I was going to call Rep. Rich Golick, R-Smyrna, for clarification, but the last time we talked about this subject the only metaphor he could give me was a giant Chinese buffet, with people piling their plates high with health-care options.
So I stuck with Hill.
"HSAs are not exclusive to any market," the senator said. "There’s no reason your insurance should be employee-based. We want to catch people who are changing jobs, people for whom COBRA coverage is too expensive, people who lost a job, or lost coverage through divorce because the spouse was the one with health insurance."
So far so good.
Then I mentioned the common criticism of health savings accounts, which is that low- and moderate-income people don’t end up saving very much. They’re already strapped for cash after bread-and-butter expenses, and now they have to salt away more money for health care? It just seems like one more ownership-society initiative designed by people who are more tied to drug and insurance companies than actual hard-knock families scrunched into one-and-two bedroom apartments with piggy-bank budgets.
Hill conceded that in the initial stages of implementation, before the tax incentives really kick in, low- and moderate-income Georgians wouldn’t exactly prosper because of health savings accounts. But once free-market principles take over, he is confident there would be a profusion of lower-priced health-care packages, tailor-made for consumers.

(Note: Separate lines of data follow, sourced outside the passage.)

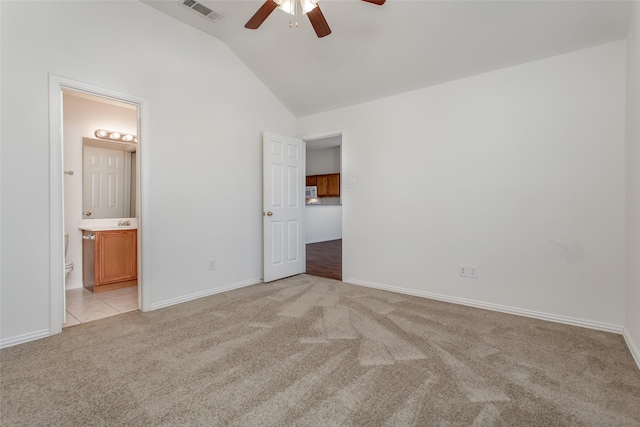 1727 Preston On The Lake Blvd, Little Elm, TX 75068 - unfurnished bedroom featuring light carpet, vaulted ceiling, baseboards, ensuite bathroom, and a ceiling fan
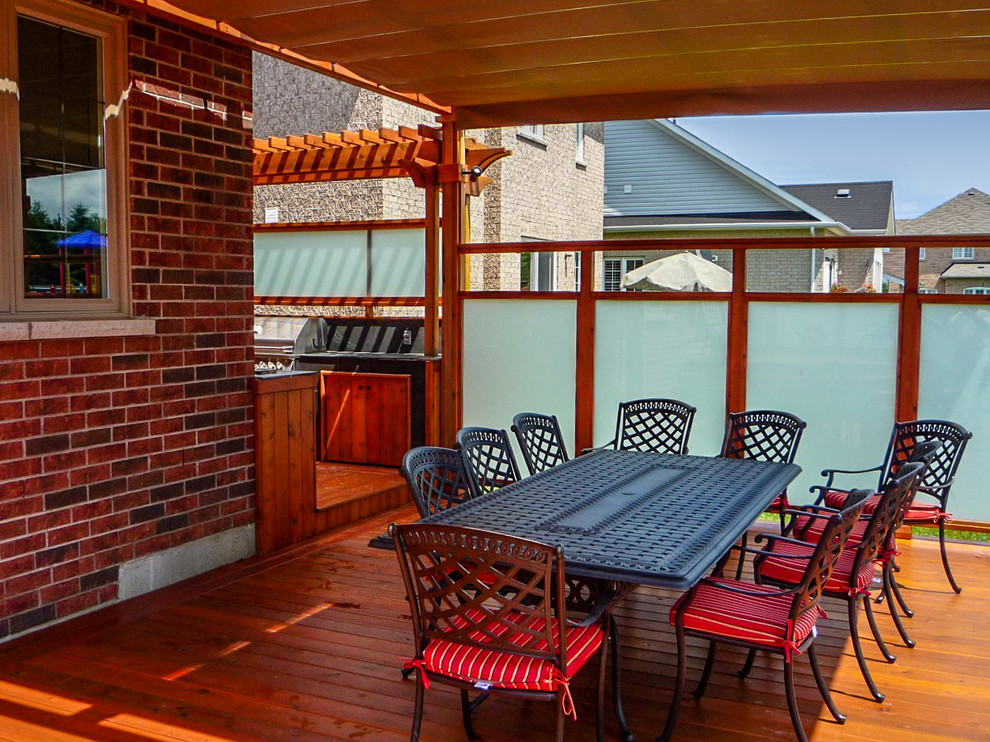 Ejemplo de terraza clásica de tamaño medio en patio trasero con cocina exterior y pérgola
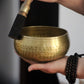 Tibetan brass singing bowl with Sanskrit – handmade meditation instrument for stress relief.
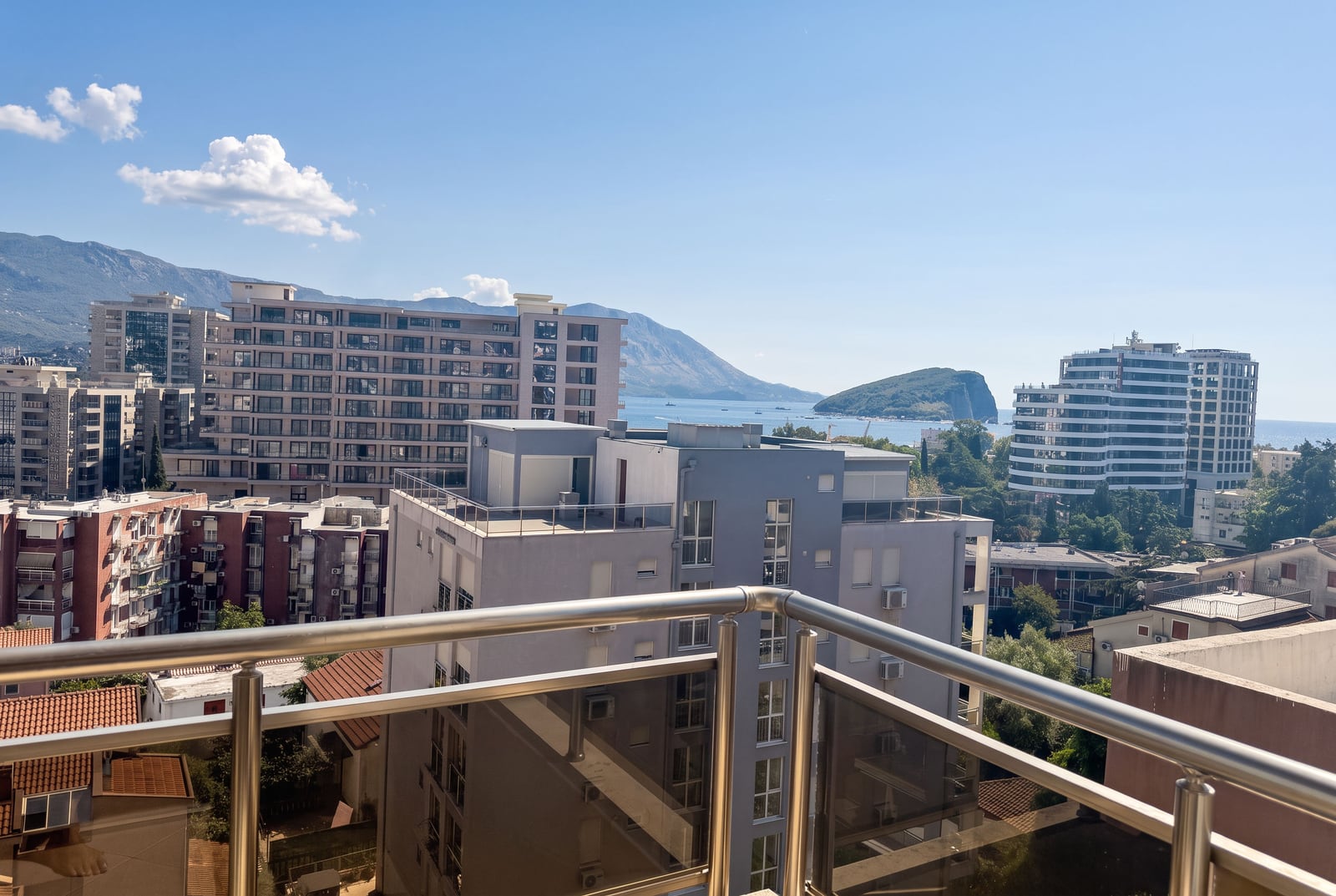 Panoramic view from the balcony of an apartment in Budva, Montenegro: city buildings, mountains, and the sea.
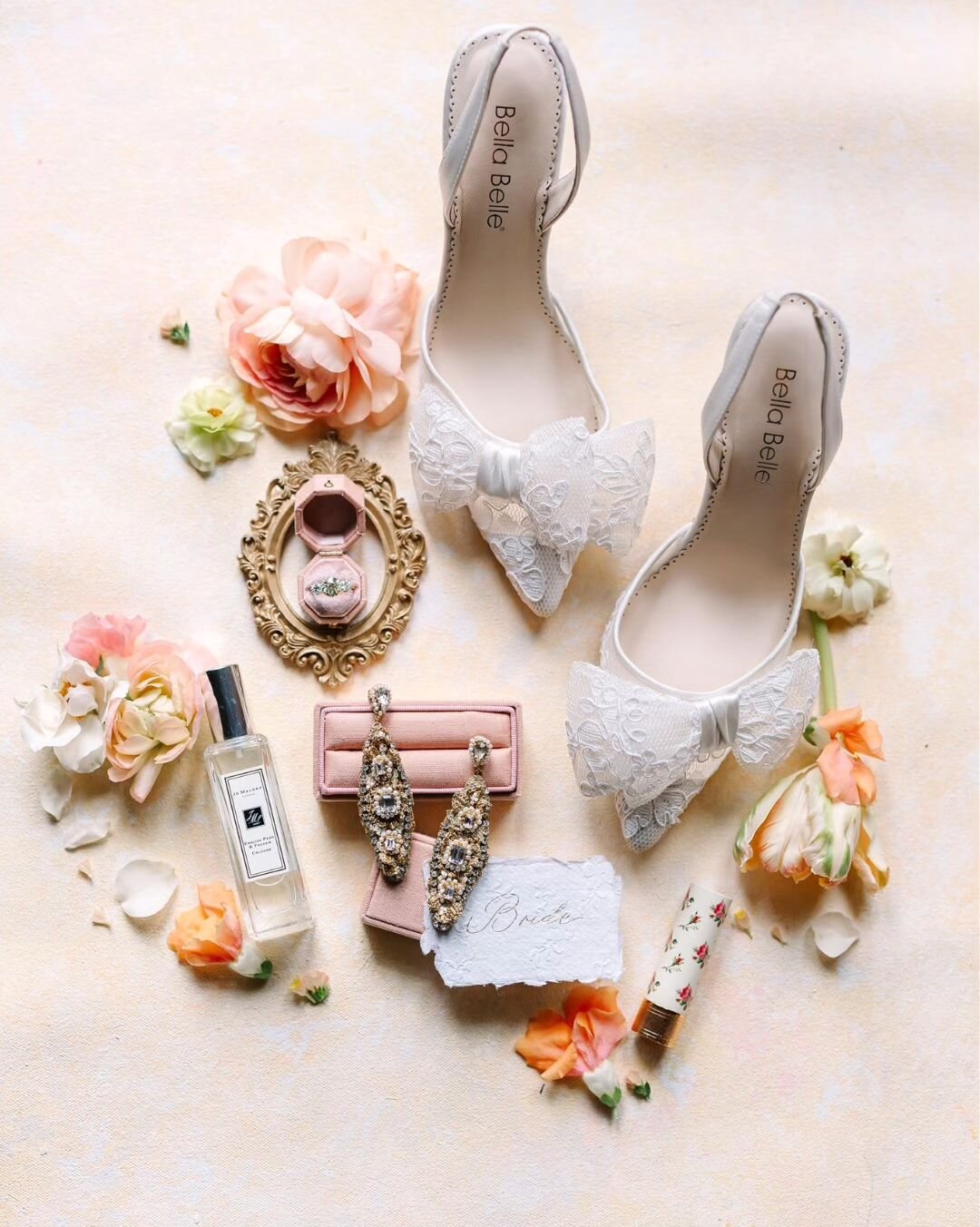 The Fontainebleau Earrings, captured by @hannahwayphoto in this pretty arrangement of bridal details. These ornate wedding earrings are adorned with gilded handmade lace motifs and sparkling vintage crystals. ⁠
⁠
Made in our Vermont, USA, atelier and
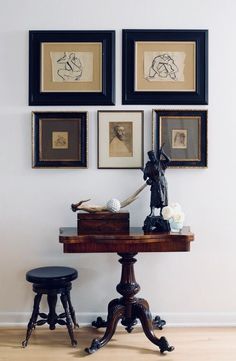 a table with two stools and pictures on the wall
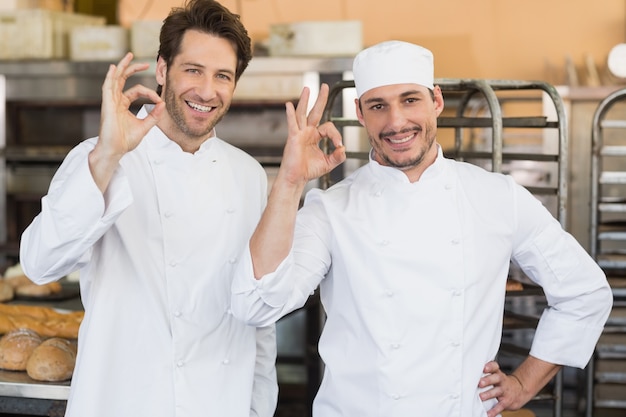 Glimlachende bakkers die camera bekijken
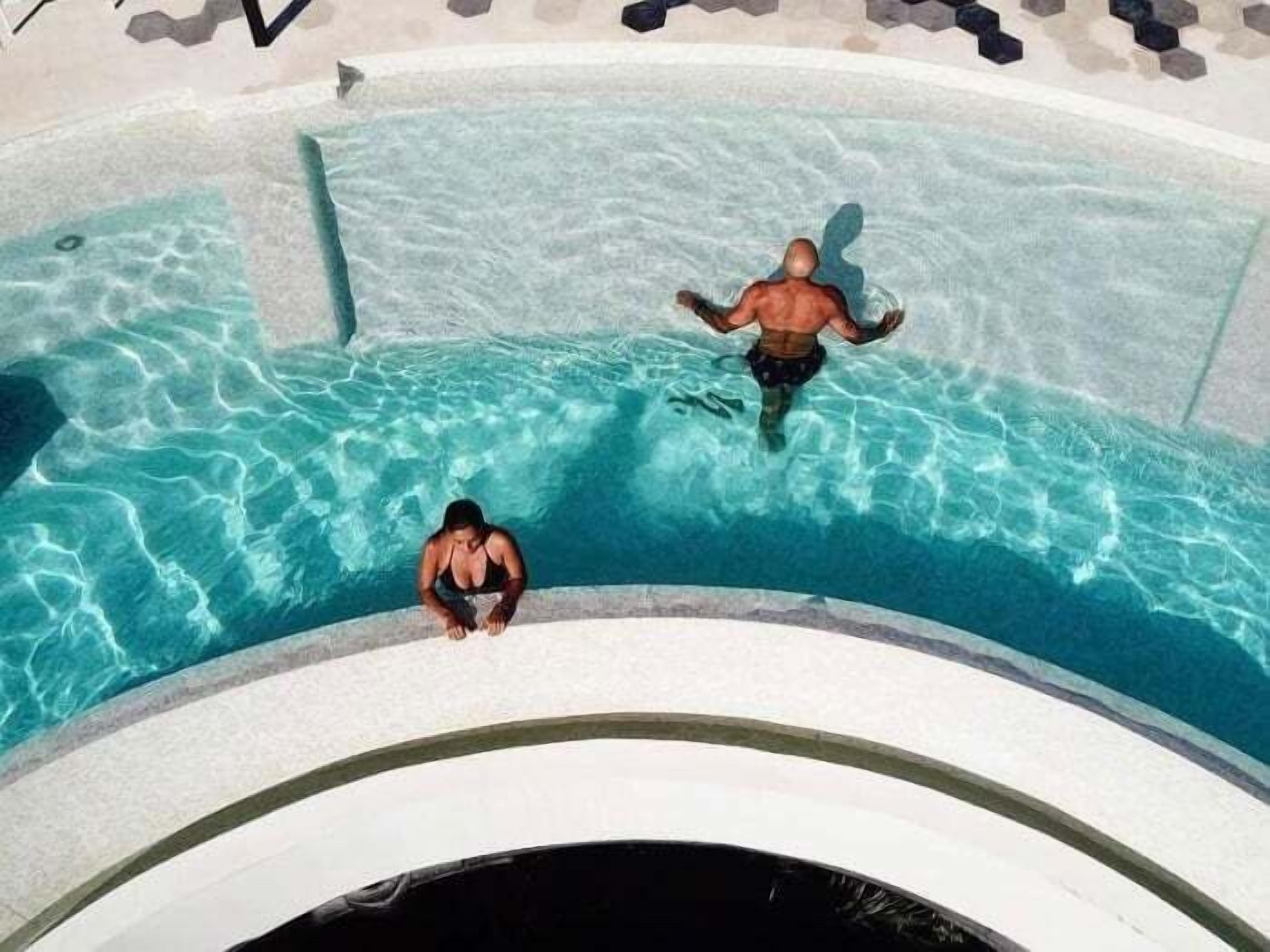 Una piscina con agua cristalina y borde curvo.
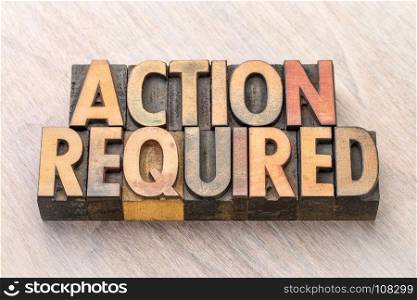 Action required - word abstract in vintage letterpress wood type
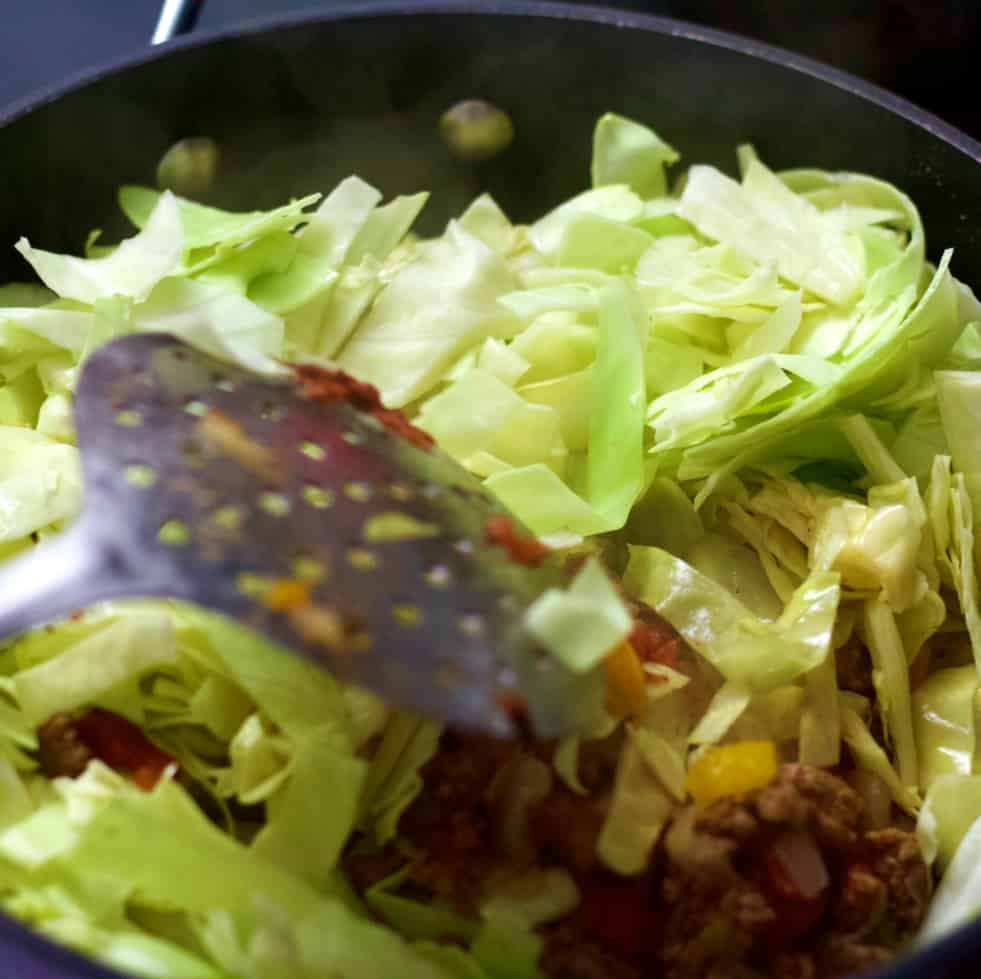 mixing in cabbage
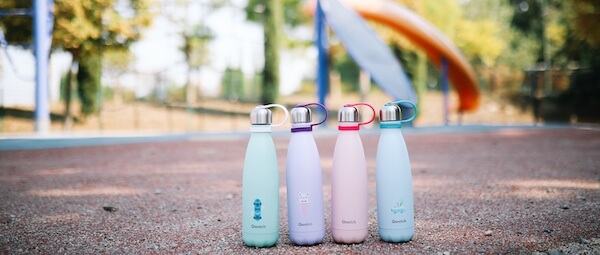Kids reusable water bottle in parc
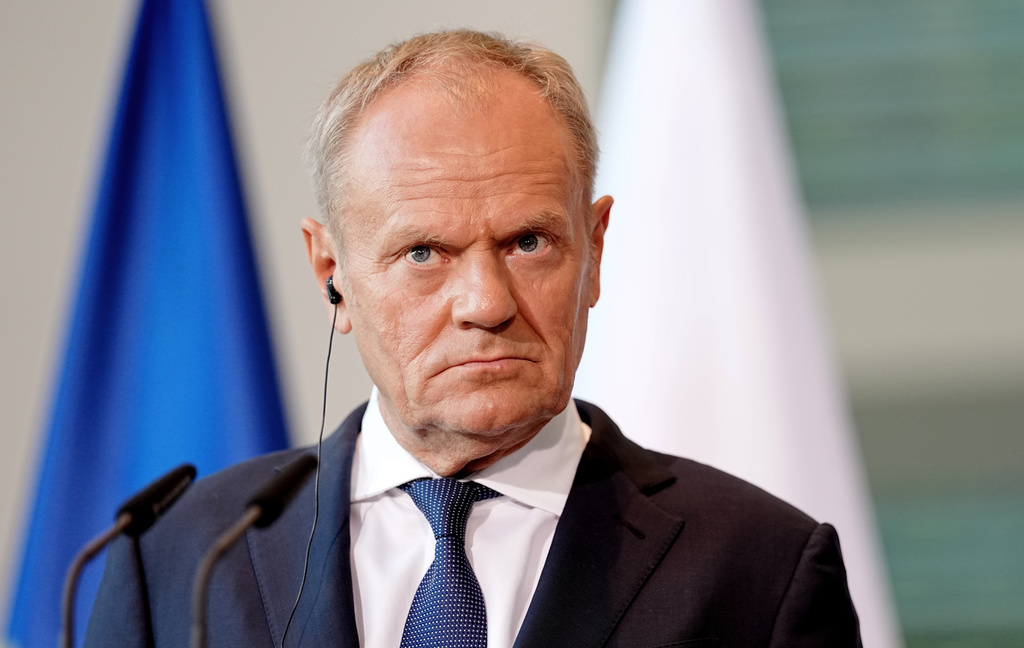 FILE - Polish Prime Minister Donald Tusk looks on during a press conference during the E5 summit of leading European nations ahead of the upcoming NATO summit, in Berlin, Wednesday June 24, 2026. (Kay Nietfeld/dpa via AP,File)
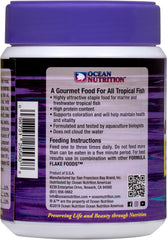 Reef tank feeding scene with Prime Reef Flakes promoting coloration and vitality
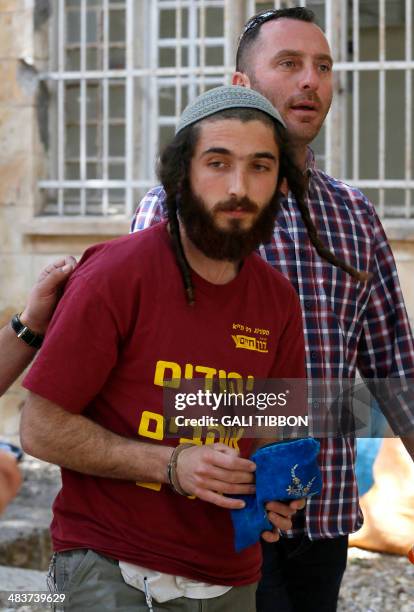 One of the seven Israeli West Bank settlers from Yitzhar is brought in handcuffs to the Jerusalem Magistrates court on April 10, 2014 after they were...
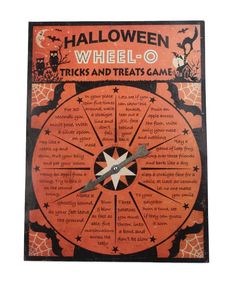 an orange and black halloween wheel - o game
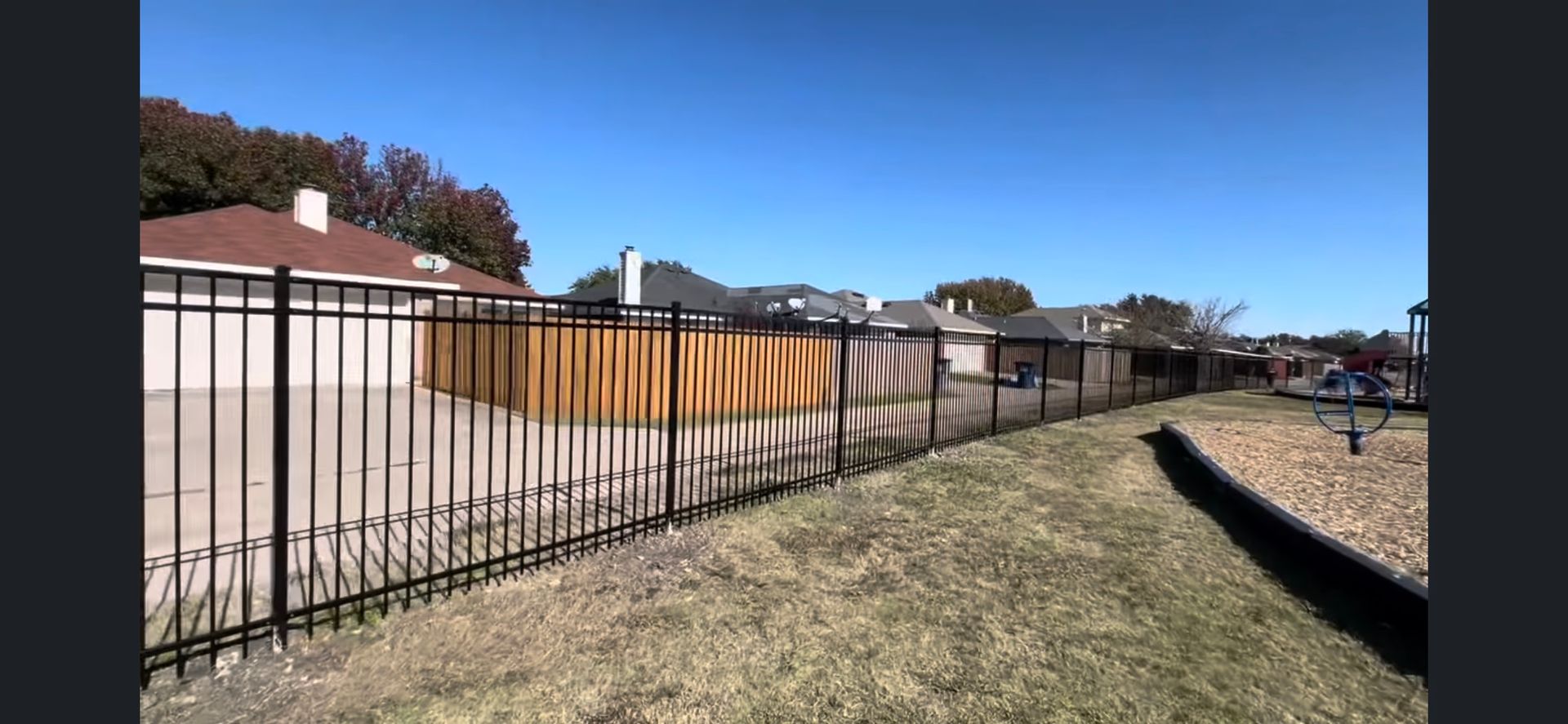 Residential backyard with a long black fence beside a tan wall under a clear blue sky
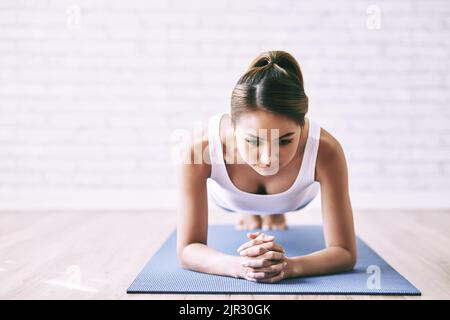 Asian young woman standing in plank position Stock Photo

In the rush to compete for consumers’ attention, health-care providers would offer cheaper and better health care.
Give the guy credit for standing in there and arguing. Before he took a quick cell phone call he acknowledged it’s going to be a big battle this session. But is the answer to 1.7 million Georgians with no health insurance really more tax breaks for businesses? A more personalized health-care market?
"It’s a start," Hill said.
I’m not even close to being convinced, but I decided at least I would go back and talk to Hill about this before I listened to Bush.